One of my drivers in Kabul this visit has been Habibe. A kind man who practices his English as I respond in Dari, he is always smiling and we share stilted stories as we practice each other’s language about our children and family. He enthusiastically agreed to drive me to Mazar i Sharif when it became clear I couldn’t go by plane. The one condition being that his 70 year old father- in- law come along as ‘protection’. Mahmahdoud aka “John”, looks to weigh in at about 100 pounds, if that, and like many his age, he is missing several teeth, and his eyesight is poor. I’m not sure who’s protecting whom on this road trip, but having a respected elder in the car can’t be a bad thing if we find ourselves in a spot of trouble.
It will take us eight or nine hours to get to Mazar, assuming that Salang Pass is not snowed in. I become a little apprehensive when Habibe asks me for the first time to please pull my scarf futher forward, entirely covering my hair and creating a hooded shadow to hide my fair features behind. The signal that this road trip is not like the family road trips out to the Grand Canyon. There will be no roadside picnics and corny photo ops. My main concern is not bandits, or the Taliban, it’s the car. We are travelling in the same car that broke down three times in one day last week, and while Habibe assures me its travel worthy, I have my doubts.
We leave Kabul on the road towards Panjshir and as its my fourth time taking this road out of Kabul now, it feels familiar and I recognize landmarks and villages as we pass by. Snow covered mountains on the left, smaller rolling hills to the right lead us out onto the Shomali Plain. We go straight through the large roundabout that leads to Bagram on the right where I saw my first heavy duty hummer and tank convoy roll through last visit. On to the small village that splits off to Panjshir – with the white house overlooking the road where Massoud used to stay. We pass a jeep whose inside is filled beyond capacity with Afghan men, hanging on the back are three more, and as we pass I notice one more sitting on the hood like some sort of comical hood ornament.
On our left the river is raging and we follow the river for the next forty kilometers as we climb the switchbacks leading to Salang Pass. These mountains are part of the Hindu Kush and this road is a major trucking route. Heavily bejeweled trucks clog the roadways in both directions. These trucks are most typically red or green with elaborately detailed painting covering every possible surface, often including the wheel rims. As the landscape turns completely white with snow, we follow these trucks into a series of tunnels that aim to protect the narrow roadway from avalanches and heavy snowfall. They are all unlit, but many have natural light coming through at regular intervals, all but the last, and longest. Its like entering a deep cavern, the walls and road are wet and large craters hopscotch across the road creating yet another obstacle to safe driving in addition to the complete darkness. Many Afghan cars have very dim lights, many motorbikes have none – so often you don’t see another car until you are right on top of it. Majority rules here much like on the streets of Kabul – whichever team has the most cars spread out across the width of the tunnel wins.
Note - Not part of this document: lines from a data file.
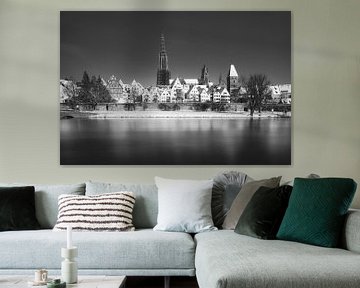 Black and white panorama of the city of Ulm in winter with snow, river Danube and Ulm Cathedral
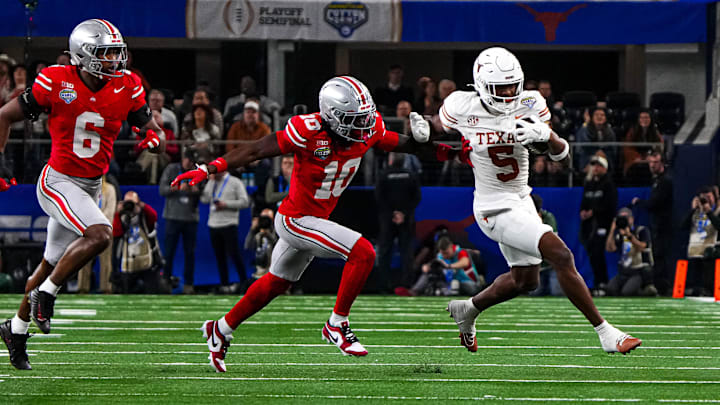 Texas Longhorns receiver Ryan Wingo (5) runs the ball during the College Football Playoff semifinal game against Ohio State in the Cotton Bowl at AT&T Stadium on Friday, Jan. 10, 2024 in Arlington, Texas.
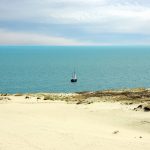 Purjevene merellä, edustalla hiekkarantaa.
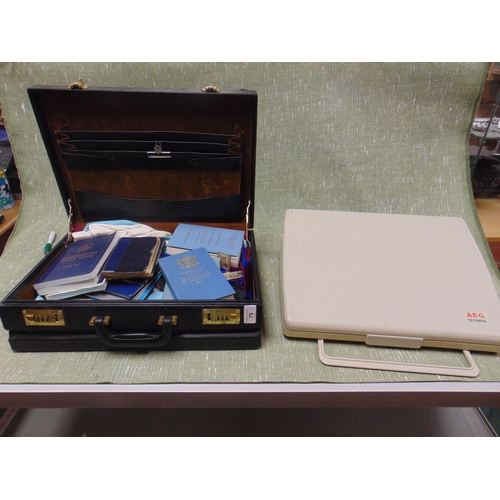 75 - Cased quantity of Masonic ephemera , together with an electric typewriter. (2).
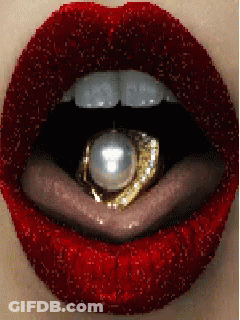 A Close Up Of A Woman 'S Mouth With Red Lipstick And A Gold Ring In It GIF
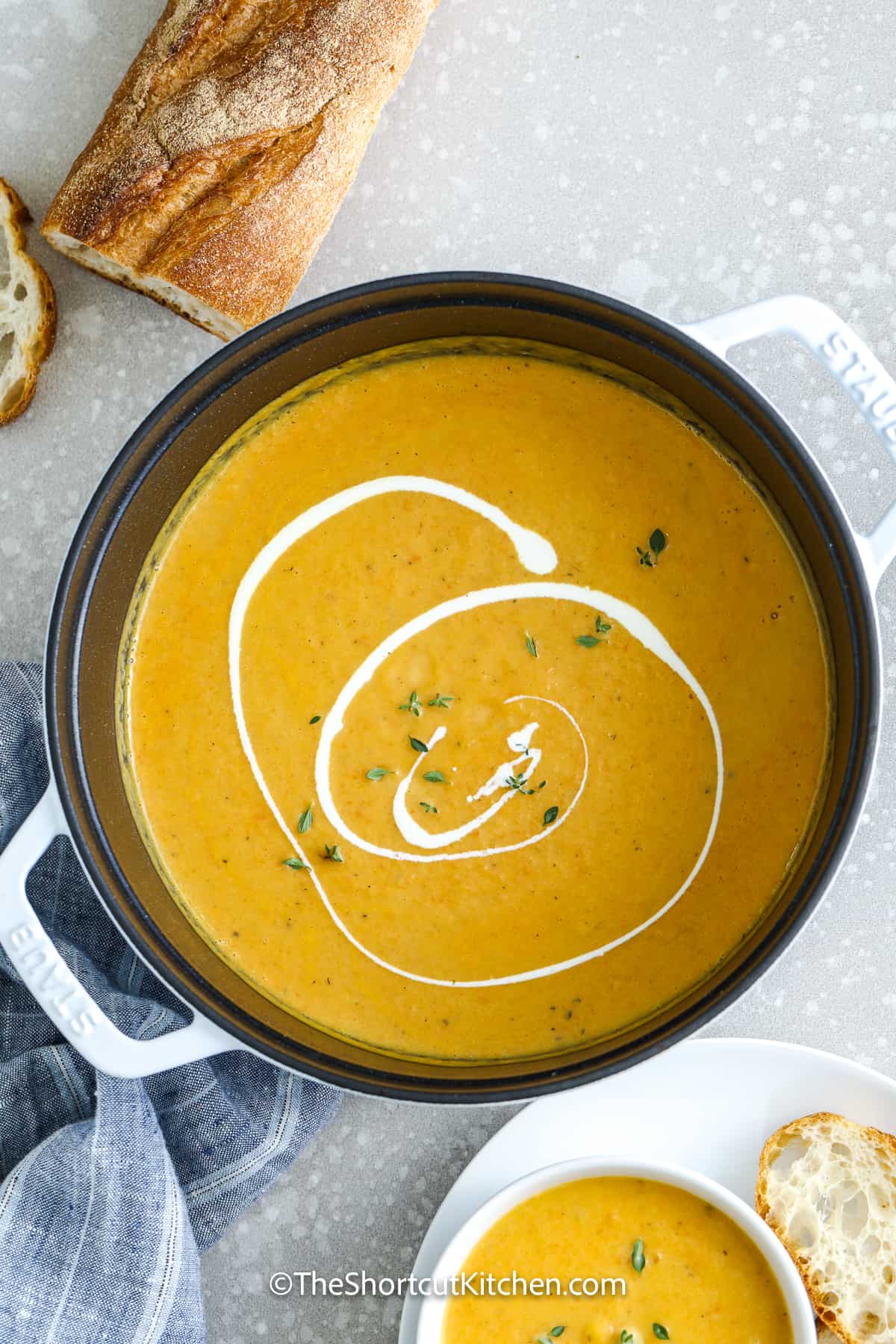 easy butternut squash soup drizzled with cream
We emerge unscathed on the other side to some of the most spectacular scenery I’ve seen. As we descend the switchbacks, cars of burqa’d women and Afghan men stop for impromptu picnics and it kills me that I can’t join them. “John” needs a bathroom break and we pull to the side of the road and he pulls his brown shawl around him for a little privacy as he does his business in the snow. When he returns he tells Habibe that if I need to go I can borrow his shawl. I think he just says that to all the infidel girls he plays bodyguard for!
The snow recedes above us and the mountains that surround us are covered in lush grass and wildflowers. The river continues to rage along beside us on the left and the landscape is dotted with sheepherders, red poppies, and the occasional horse. The game trails that crisscross this area scream for lengthy trail running and mountain biking – I wonder how badly landmined this area is and if I could perhaps arrange a little excursion in future visits with my bike.
Eventually I’m sitting with my legs crossed, contemplating John’s offer of his shawl. The hunt is on for a bathroom, and the one village large enough to have one, Pul e Khumri, Habibe deems too unsafe for a stop. And so, 20 minutes later, on the smooth road to Samagran I find myself squatting in the rain behind a crumbling mud wall off the side of the road in a field of poppies.
As we get closer to Mazar the landscape flattens out dramatically into empty plains, reminiscient of my home state of North Dakota. Amazingly the car has made it 9 full hours to Mazar and as we enter the city and drive past the famous Blue Mosque, I realize that my phone has stopped working. It was fully charged this morning so there is absolutely no reason for this. but here I am in the middle of nowhere with no communication link. Not a pleasant thought, and I fight the urge to panic. I tell Habibe where I am staying and figure I can sort it all out from there. Little did I know that the excitement would only just be beginning.